PROMPT - Every record must be restated exactly. Drop the images.

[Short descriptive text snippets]
________________

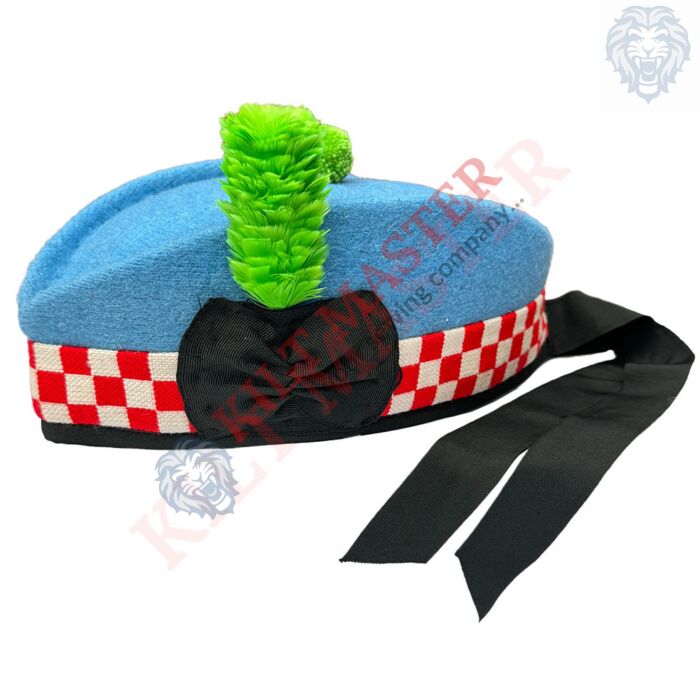 Scottish Honor Glengarry Hat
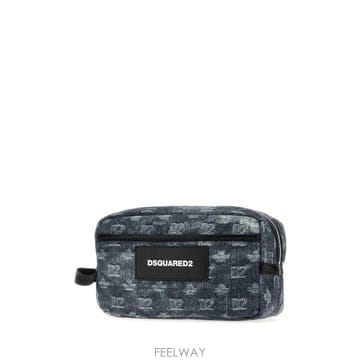 Dsquared2 모노그램 로고 트래블 키트 BYM007511709064 3096 TP979811080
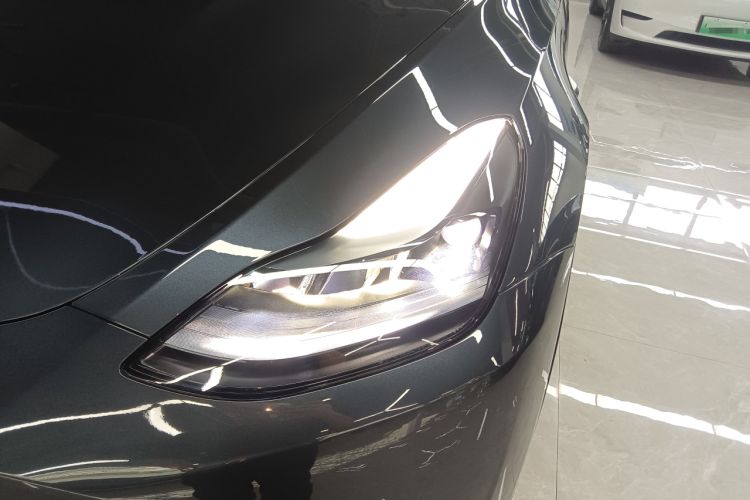 Used Tesla Model Y 2024 Rear-Wheel-Drive Version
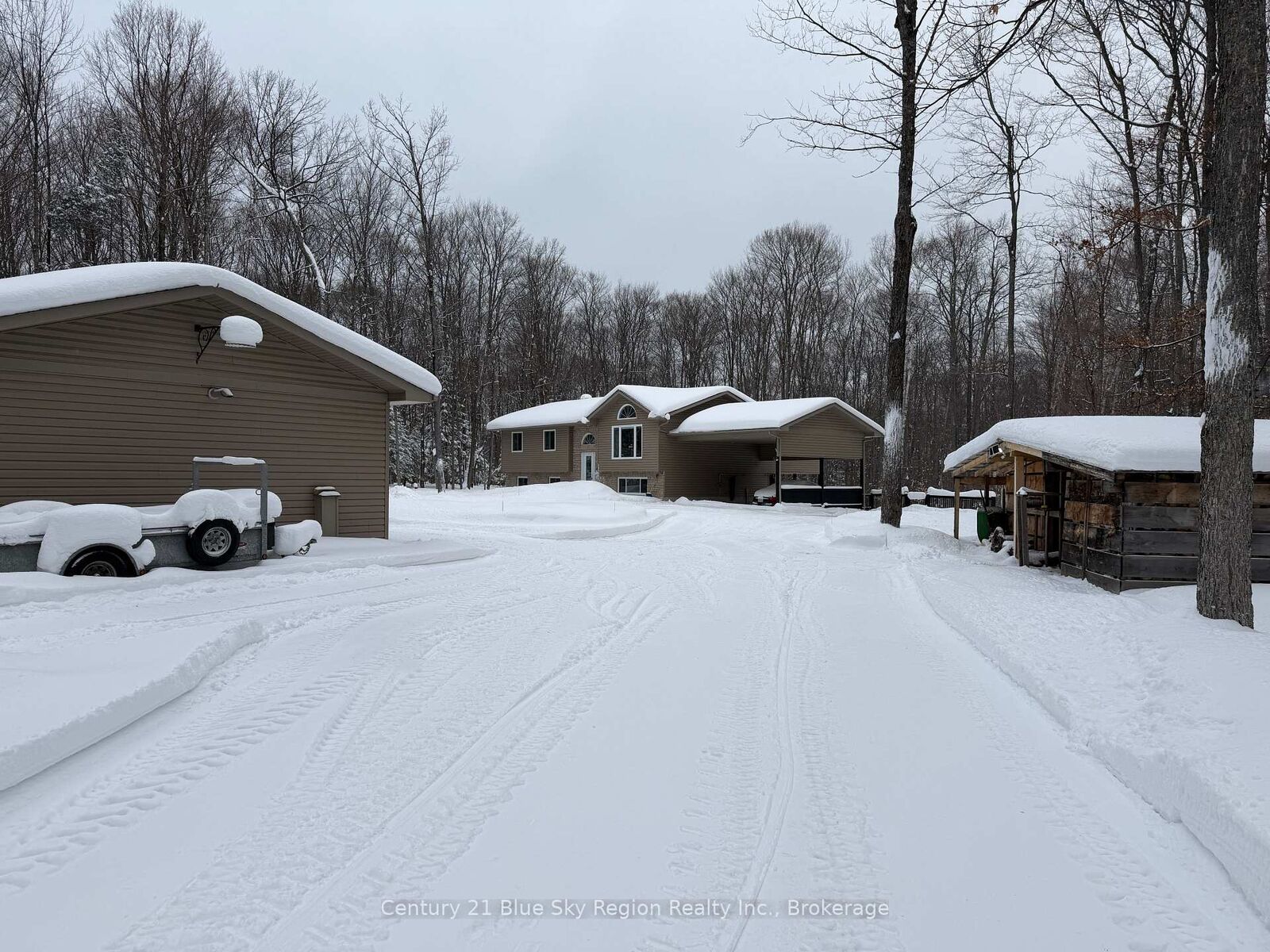 Property Photo:  176 Ski Hill Road  ON P0H 1Z0 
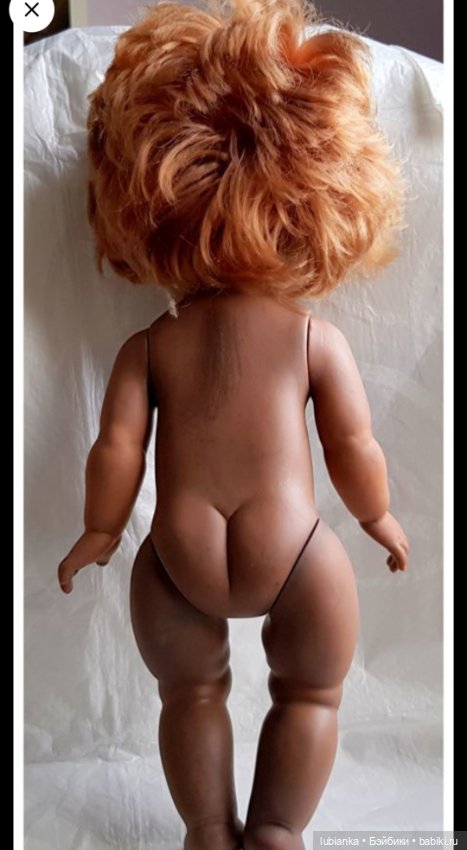 Пожалуйста помогите 😲 — Опознание кукол СССР и ГДР: поиск по фото (фото 4)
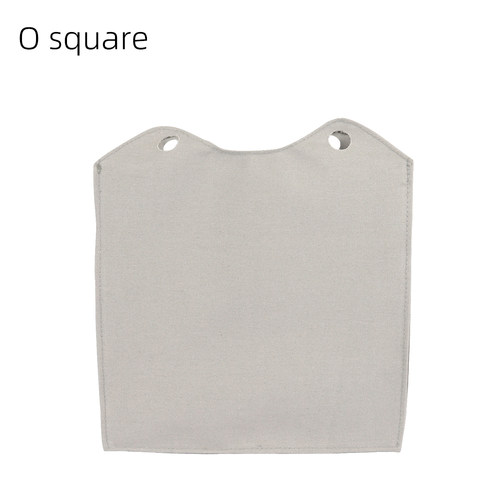 obagOsquare多口袋防水帆布内胆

________________

RESULT -
 Scottish Honor Glengarry Hat
 Dsquared2 모노그램 로고 트래블 키트 BYM007511709064 3096 TP979811080
 Used Tesla Model Y 2024 Rear-Wheel-Drive Version
 Property Photo:  176 Ski Hill Road  ON P0H 1Z0 
 Пожалуйста помогите 😲 — Опознание кукол СССР и ГДР: поиск по фото (фото 4)
 obagOsquare多口袋防水帆布内胆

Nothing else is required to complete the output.